Ben, I do believe you are correct. I usually don't stress out too much about running in the UI thread unless it impacts my performance enough to cause problems. It very well might in your case, since just about everything will be running there. However, I usually find something to get relief. In this case, you might try allocating your data as an array of clusters, each cluster containing an array. In this way, you get the same effect as the LV2 global, but you are now running in a non-UI thread. You can keep the data in a local shift register for easy access. The down side is that you will now have a gigabyte sized wire, so you have to be very careful about using it. It is probably doable, however, especially in LV7.1, where the in-placeness is fairly good.

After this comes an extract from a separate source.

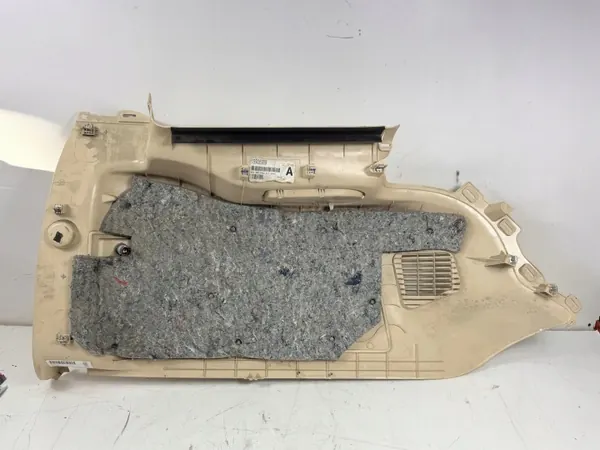 OEM 11GM305A Moldura Maletero Derecho Cadillac Escalade image 6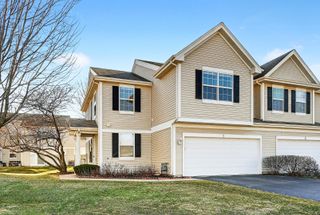 1492 Waterside Drive 1, Dekalb, IL 60115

Check out the attached VI (LV6.1) for a simple test of this concept. Since the channels are allocated separately from the main array, you can use non-contiguous memory and get more of your total memory. I managed to allocate about 1.5GBytes on a system with 0.5GBytes of physical RAM using channels with 50,000 data points. Yes, it took awhile, and my disk drive aged 5 days in 5 minutes.
I have also had some success with non-thread-safe DLLs (HDF5, for example) by using LabVIEW methods (e.g. semaphores, notifiers, etc.) to ensure serial access and calling as reentrant to avoid the UI thread. Performance increases, but you have to be very careful. Not all DLLs will handle this gracefully.